C. Customer Service
time limit per test
2 seconds
memory limit per test
256 megabytes
input
standard input
output
standard output

Nikyr has started working as a queue manager at the company "Black Contour." He needs to choose the order of servicing customers. There are a total of $$$n$$$ queues, each initially containing $$$0$$$ people. In each of the next $$$n$$$ moments of time, there are two sequential events:

  1. New customers arrive in all queues. More formally, at the $$$j$$$-th moment of time, the number of people in the $$$i$$$-th queue increases by a positive integer $$$a_{i,j}$$$.
  2. Nikyr chooses exactly one of the $$$n$$$ queues to be served at that moment in time. The number of customers in this queue becomes $$$0$$$.

Let the number of people in the $$$i$$$-th queue after all events be $$$x_i$$$. Nikyr wants MEX$$$^{\dagger}$$$ of the collection $$$x_1, x_2, \ldots, x_n$$$ to be as large as possible. Help him determine the maximum value he can achieve with an optimal order of servicing the queues.

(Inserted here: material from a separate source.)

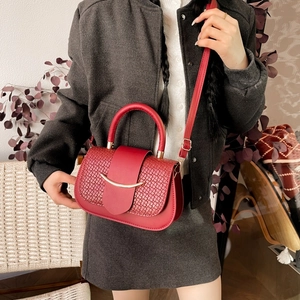 Détail du sac selle rouge avec textures tissées et fermoir métallique doré courbé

$$$^{\dagger}$$$The minimum excluded (MEX) of a collection of integers $$$c_1, c_2, \ldots, c_k$$$ is defined as the smallest non-negative integer $$$y$$$ which does not occur in the collection $$$c$$$.

For example:

  • $$$\operatorname{MEX}([2,2,1])= 0$$$, since $$$0$$$ does not belong to the array.
  • $$$\operatorname{MEX}([3,1,0,1]) = 2$$$, since $$$0$$$ and $$$1$$$ belong to the array, but $$$2$$$ does not.
  • $$$\operatorname{MEX}([0,3,1,2]) = 4$$$, since $$$0$$$, $$$1$$$, $$$2$$$, and $$$3$$$ belong to the array, but $$$4$$$ does not.
Input

Each test consists of multiple test cases. The first line contains a single integer $$$t$$$ ($$$1 \le t \le 2 \cdot 10^4$$$) — the number of test cases. The description of the test cases follows.

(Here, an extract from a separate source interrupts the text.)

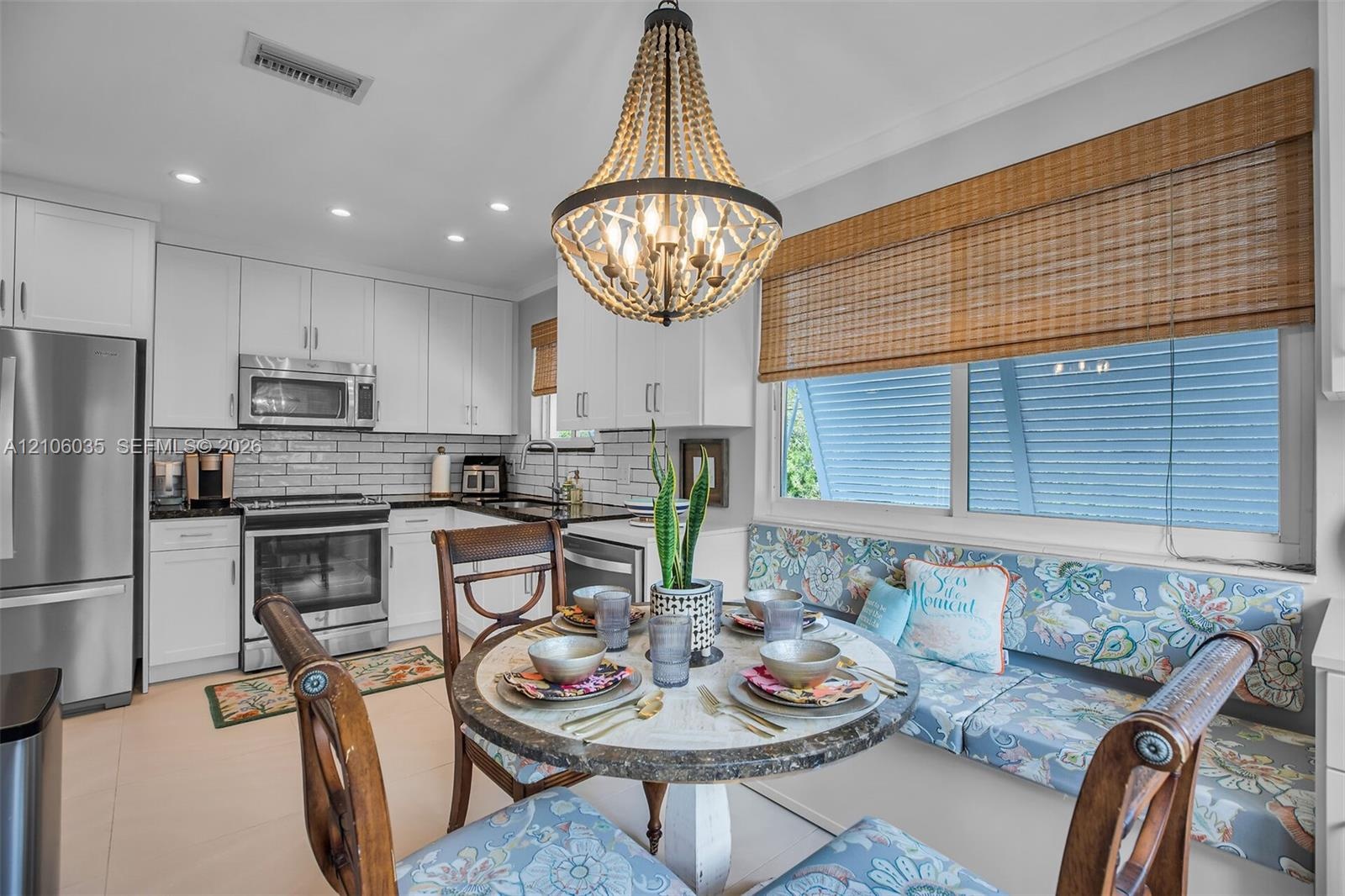 Kitchen featuring white shaker-style cabinetry, stainless steel appliances, subway tile backsplash, recessed lighting, and a built-in banquette seatin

The first line of each test case contains a single integer $$$n$$$ ($$$1 \le n \le 300$$$) — the number of queues and moments of time.

The $$$i$$$-th of the next $$$n$$$ lines contains $$$n$$$ integers $$$a_{i,1}, a_{i,2}, \ldots, a_{i,n}$$$ ($$$1 \le a_{i,j} \le 10^9$$$) — the number of new customers in the $$$i$$$-th queue at each moment of time.

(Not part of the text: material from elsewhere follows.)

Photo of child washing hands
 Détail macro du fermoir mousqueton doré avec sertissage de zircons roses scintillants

It is guaranteed that the sum of $$$n^2$$$ over all test cases does not exceed $$$2 \cdot 10^5$$$.

Output

For each test case, output a single integer — the maximum value of $$$\operatorname{MEX}([x_1, x_2, \ldots, x_n])$$$ that can be achieved.

Example
Input
4
2
1 2
2 1
2
10 10
10 10
3
2 3 3
4 4 1
2 1 1
4
4 2 2 17
1 9 3 1
5 5 5 11
1 2 1 1
Output
2
1
3
3
Note

In the first test case, the second queue can be served at time $$$1$$$, and the first queue at time $$$2$$$. There will be $$$x_1 = 0$$$ people left in the first queue and $$$x_2 = 1$$$ person left in the second queue. Therefore, the answer is $$$\operatorname{MEX}([0, 1]) = 2$$$.

In the second test case, the first queue can be served both times. There will be $$$x_1 = 0$$$ people left in the first queue and $$$x_2 = 20$$$ people left in the second queue. Therefore, the answer is $$$\operatorname{MEX}([0, 20]) = 1$$$.

In the third test case, the third queue can be served at time $$$1$$$, the second queue at time $$$2$$$, and the first queue at time $$$3$$$. There will be $$$x_1 = 0$$$ people left in the first queue, $$$x_2 = 1$$$ person left in the second queue, and $$$x_3 = 2$$$ people left in the third queue. Therefore, the answer is $$$\operatorname{MEX}([0, 1, 2]) = 3$$$.